The Star of Bethlehem

Now I’m not going to get into a whole big astronomical ‘thing’ about the what, when, where and why of the star that led the magi to Jesus. I’ll leave that to others. Whether it was a one-time miraculous stellar event or the result of eons of God’s precise planning that brought planets and stars together, I’m not here to say.

I believe that the creator of all things, in his divine wisdom, wanted to get the attention of ancient scholars, sky gazers from the east.  He wanted to introduce them to the child King of Kings and Lord of Lords. So in the fullness of time this celestial event took place and motivated these magi to travel to find Jesus. And they did.  And they brought him gifts and they worshipped him.  

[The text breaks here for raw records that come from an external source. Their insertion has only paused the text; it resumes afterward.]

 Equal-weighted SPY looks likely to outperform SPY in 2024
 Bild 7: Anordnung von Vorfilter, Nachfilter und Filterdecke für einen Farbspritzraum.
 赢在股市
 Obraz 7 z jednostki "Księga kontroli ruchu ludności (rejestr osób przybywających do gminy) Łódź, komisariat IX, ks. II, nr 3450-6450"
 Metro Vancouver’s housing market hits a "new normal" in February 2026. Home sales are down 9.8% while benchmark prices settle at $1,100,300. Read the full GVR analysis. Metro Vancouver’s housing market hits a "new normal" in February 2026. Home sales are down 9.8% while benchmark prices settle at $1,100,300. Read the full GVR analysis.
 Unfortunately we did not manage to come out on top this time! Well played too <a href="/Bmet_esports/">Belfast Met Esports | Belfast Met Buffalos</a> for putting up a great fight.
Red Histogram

So why am I bringing this up so many days before Epiphany, January 6, when all of this is usually celebrated? You see, one of the ideas about the ‘star’ is that there was a conjunction of planets and/or a bright star. When they all came together the result was a remarkably bright object in the sky which caught the attention of these night sky observers. Again, why am I bringing this up?

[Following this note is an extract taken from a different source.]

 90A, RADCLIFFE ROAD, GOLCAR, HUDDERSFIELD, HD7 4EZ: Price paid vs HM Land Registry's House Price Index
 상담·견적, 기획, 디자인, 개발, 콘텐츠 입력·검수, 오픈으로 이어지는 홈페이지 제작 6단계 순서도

It just so happens that in a few days, December 21, 2020, to be precise, there will be a conjunction of Saturn and Jupiter, just before sunset, in the southwest sky. The two bright planets, ‘wanderers’ as they were called back then, will come together and appear as one really bright object.  It should be quite a sight if you are favored with clear skies, an unobstructed view and catch it at the right time. 

Now I’m not suggesting that after seeing this conjunction that you hop on the nearest camel and head to Bethlehem and look for Jesus.  However, it just might be a good time to give some credit to God the creator for the gift of his remarkable world.

Oh, and as for looking for Jesus… he’s not that far away. He’s called Immanuel, God with us, after all. Today’s gift, to be sure!